Eine Landschaft voller Wasser

Das Wasser bestimmt das Leben im Naturpark. Die ehemaligen kilometerbreiten Urstromtäler mit ihren großen Sumpfgebieten und Mooren sorgen dafür, dass die Naturparkregion auch heute noch sehr nass ist. Es trifft fast für die Hälfte der Naturparkfläche, also die Niedermoorbereiche und das Haveltal zu (44 %). Knapp ein Drittel (28 %) sind als arme, aber grundwassernahe Talsande nass bis feucht. Einen ebenso großen Bereich nehmen grundwasserferne und nur bedingt landwirtschaftlich nutzbare Dünen und Sanderflächen ein.

 

Traditionelle Nutzung und Landschaftsformen

Früher nutzten die Menschen die Landschaft an die natürlichen Bedingungen angepasst: Die feuchten Niederungen waren Wiesen- und Weideflächen. Auf den höheren, trockeneren Flächen wurde Ackerbau betrieben oder Waldwirtschaft. So entstand eine abwechslungsreiche Landschaft mit vielen verschiedenen Lebensräumen für Pflanzen und Tiere. 

 

Wandel der Landnutzung

Im Laufe der letzten Jahrhunderte hat sich die Nutzung der Landschaft stark verändert. Landwirtschaft, Entwässerung und Technisierung führten dazu, dass viele Flächen trockengelegt und intensiv bewirtschaftet wurden. Dadurch gingen manche ursprünglichen Strukturen verloren, und viele Arten verschwanden.

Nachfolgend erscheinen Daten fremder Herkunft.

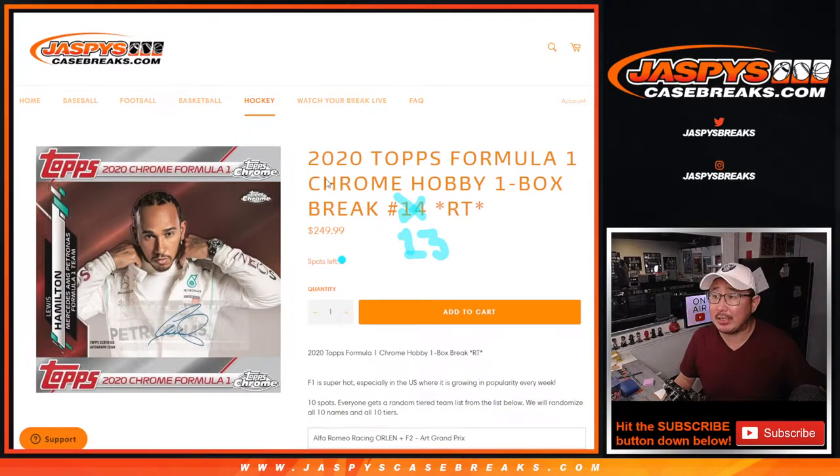Hi everybody. Joe for JaspysCaseBreaks.com coming at you with 2020 Topps Chrome Formula One Hobby Edition. We have both Hobby Editions now and a Sapphire Edition on JaspysCaseBreaks.com. This is Hobby Edition Random Team Break number 13.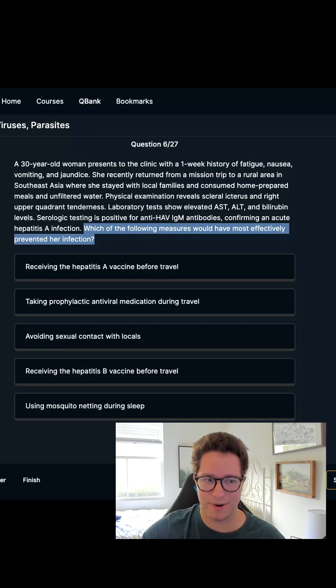She went on a mission trip in a rural area in Southeast Asia, stayed with local families, and consumed home-prepped meals and unfiltered water. Both of those are a problem, particularly the unfiltered water. She clearly has jaundice with scleral icterus and right upper quadrant tenderness.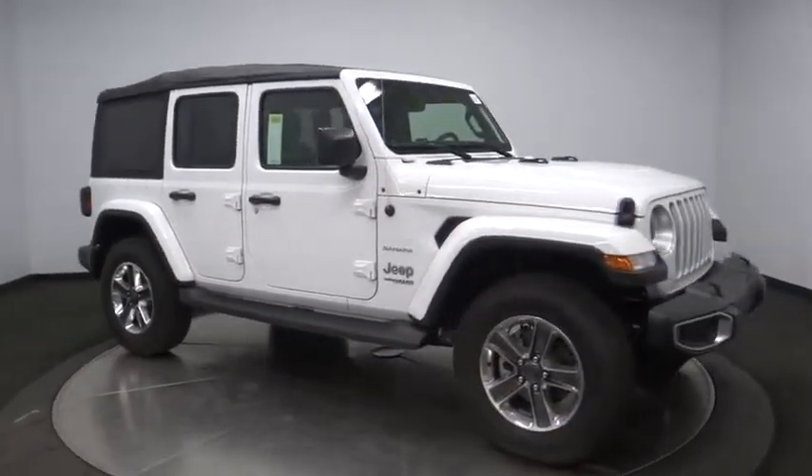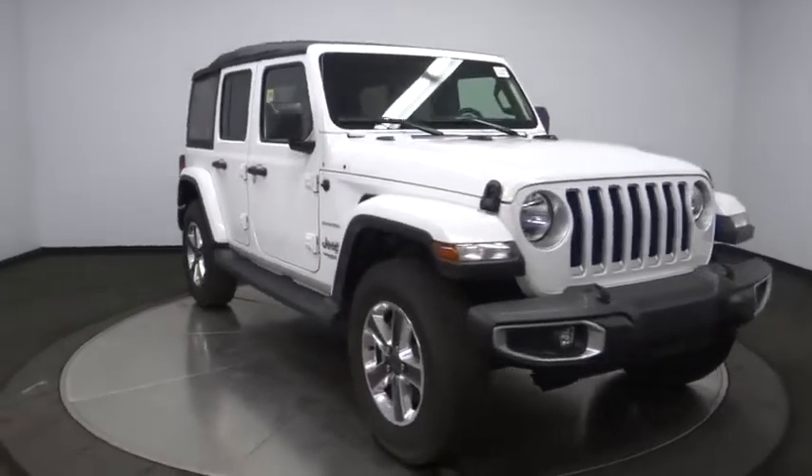Take this vehicle for a spin and see why so many shoppers are now proud owners.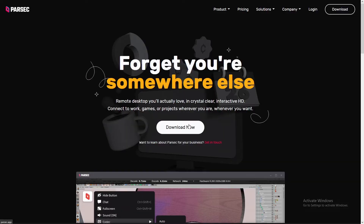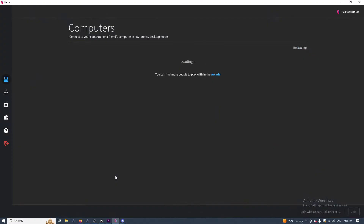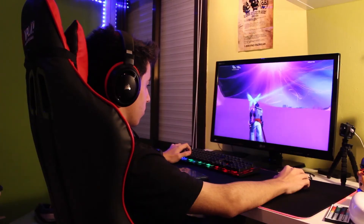I've been able to access my PC at home at 60 frames per second with little to no latency. Parsec is super easy to set up — all you have to do is download the client on both devices, then log in with your account and boom, you have access. It's designed for gaming but there's other uses for it too, such as this video that was edited on my PC at home while I'm staying in Sydney.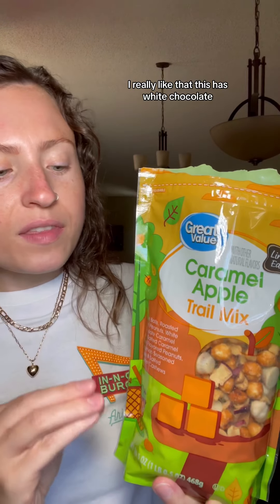That was an immediate yes. It's sweet, it's salty, it's caramelly, it's appley — almost like candied appley too. I really like that this has white chocolate; somehow I think that helps bring out the flavors. This is now one of my favorite Great Value trail mixes. I'm so happy that I get to say this is the first caramel apple thing I've tried this season.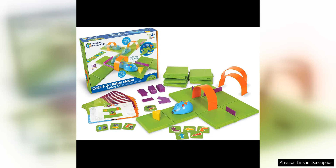The Learning Resources Code & Go Robot Mouse Activity Set is a fantastic STEM toy that is perfect for children ages 4-7. With 83 pieces included in the set, this toy provides endless hours of fun and learning for young minds.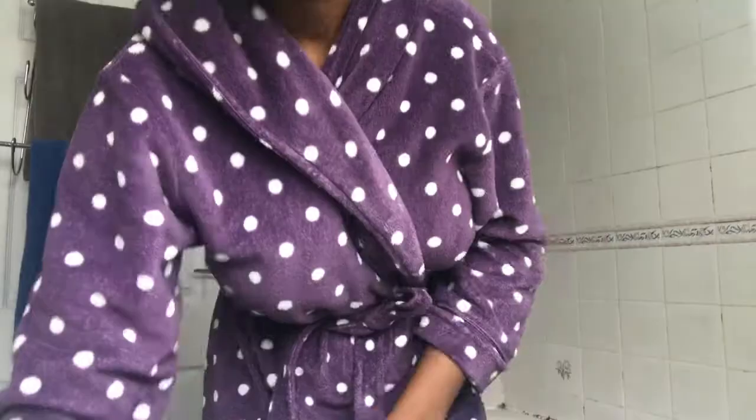I did film some cutaways earlier so I'll try and insert them. So first of all, what I use — I don't use this every day because it's a facial scrub, but I use this multiple times a week. This is the sensitive skin gentle facial scrub.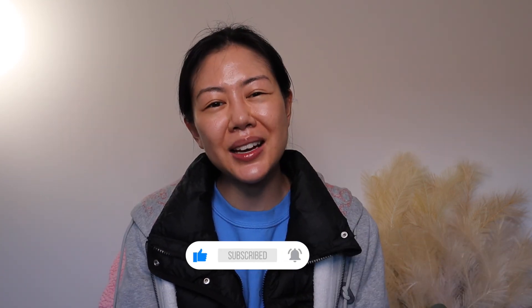That is it for this video. I hope you guys enjoy watching this review video. I hope you guys have an amazing day and I'll see you guys in my next video. Bye guys.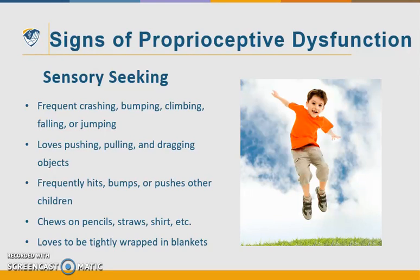The proprioceptive system is our body awareness — it helps us feel secure in our bodies and maneuver and function effectively in our environment. Signs of proprioceptive dysfunction could be sensory-seeking behaviors like crashing, bumping, climbing, falling, or jumping pretty much constantly in some kids. They love pushing, pulling, and dragging objects. They frequently hit, bump, or push other children. They typically chew on pencils, straws, shirt — whatever they can get their hands on. And they love to be tightly wrapped in a blanket, as it is calming to their nervous system.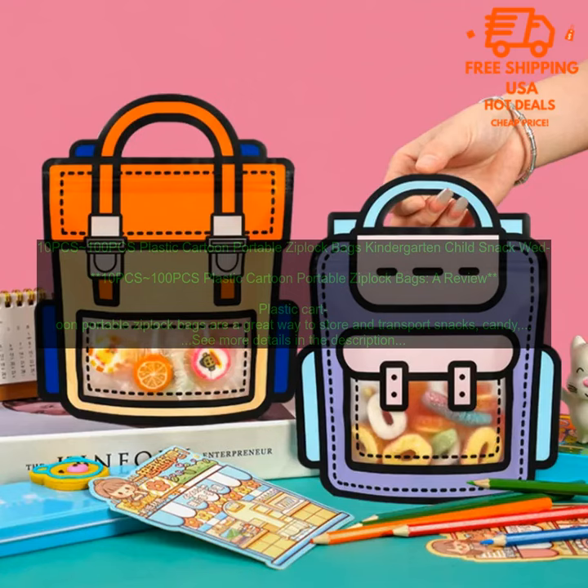Plastic Cartoon Portable Ziploc Bags are a versatile and useful item that can be used for a variety of purposes. They are affordable, durable, and come in a variety of fun and colorful designs.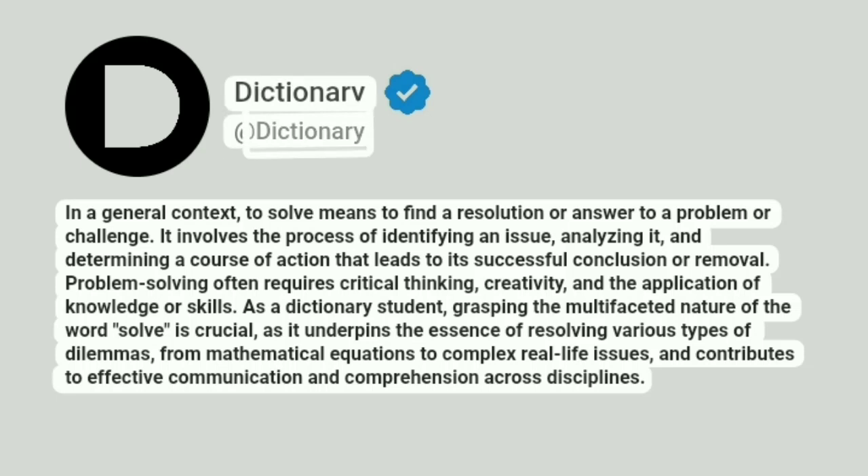Dictionary. A dictionary. In a general context, to solve means to find a resolution or answer to a problem or challenge. It involves the process of identifying an issue, analyzing it, and determining a course of action that leads to its successful conclusion or removal.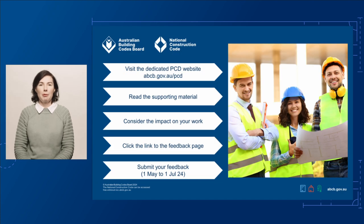If you'd like to provide feedback on this proposed change, visit our dedicated PCD page at abcb.gov.au/pcd. Here you'll find links to the draft changes for volumes 1, 2, and 3, and the housing provisions, as well as links to support materials and technical documents to help you understand the proposed changes. This page also has a link to our consultation page where you can have your say. The public consultation is open from the 1st of May to the 1st of July 2024. We look forward to your input.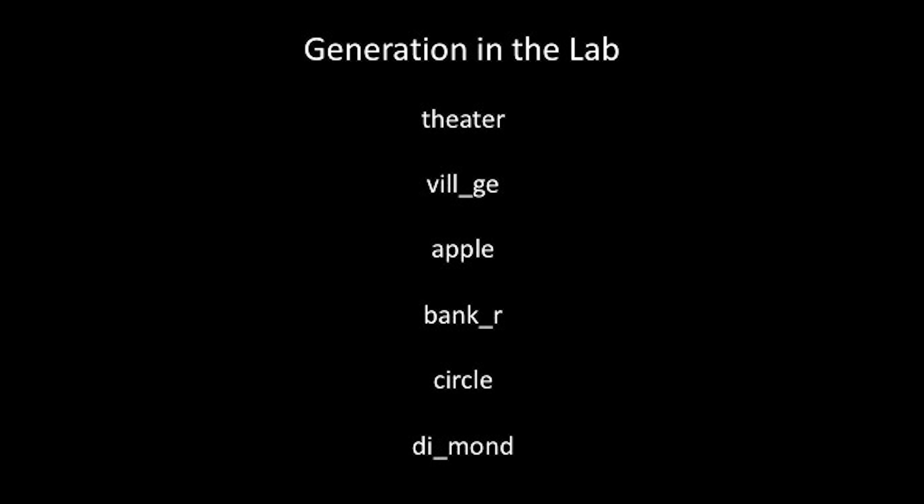I'm actually interested in the next step. Once we've generated something, how does that influence our later memory? Researchers have explored the effect of generation on memory in the lab since the late 1970s, typically using a procedure like this. A participant comes into the lab and they're asked to read a long list of words — maybe 20 or 30 words. Some of the words are presented in their full, intact form, so participants simply need to read them aloud as they see them. Others are presented as word fragments with one letter missing.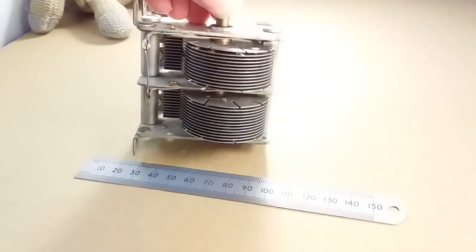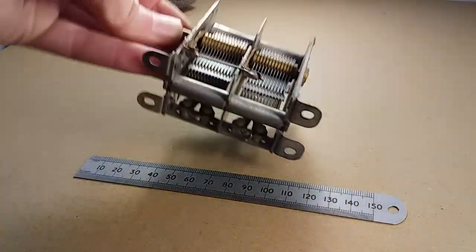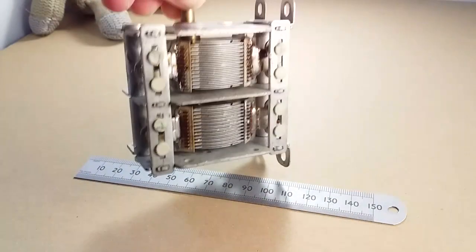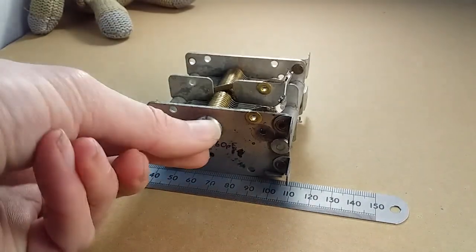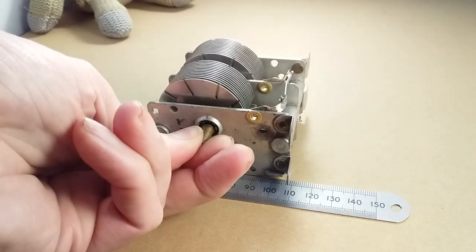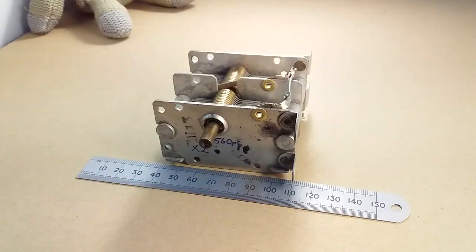It's a 560 pF times two variable capacitor, for all of your radio project and crystal set tuning needs. Quite a nice one there.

Trotzdem ist das Westhavelland bis heute eine besonders wertvolle Naturregion. Dank der erhaltenen Feuchtgebiete und der vielfältigen Landschaftsformen leben hier noch viele seltene Tier- und Pflanzenarten.

 

Besondere Lebensräume im Westhavelland

Fließgewässer wie die Havel, Dosse, Rhin und Jäglitz prägen die Landschaft. Viele Abschnitte verlaufen noch naturnah. In diesen Gewässern leben Biber, Fischotter und zahlreiche Fischarten. Auch seltene Libellen und Amphibien finden hier ideale Bedingungen.

Die Havelseen sind flach und sehr nährstoffreich. Ihre Ufer sind mit Schwimmblattpflanzen und Schilf bewachsen. Diese Zonen sind überregional bedeutende Rast- und Brutgebiete für Wasservögel wie Reiher, Enten oder Rohrdommeln.

In den regelmäßig überfluteten Auen- und Luchwiesen wachsen seltene Pflanzengesellschaften, etwa die Brenndoldenwiesen und Mageren Flachlandmähwiesen. Hier blühen im Sommer zahlreiche bunte Blumen. Auch der seltene Lungenenzian kommt an einigen Stellen noch vor.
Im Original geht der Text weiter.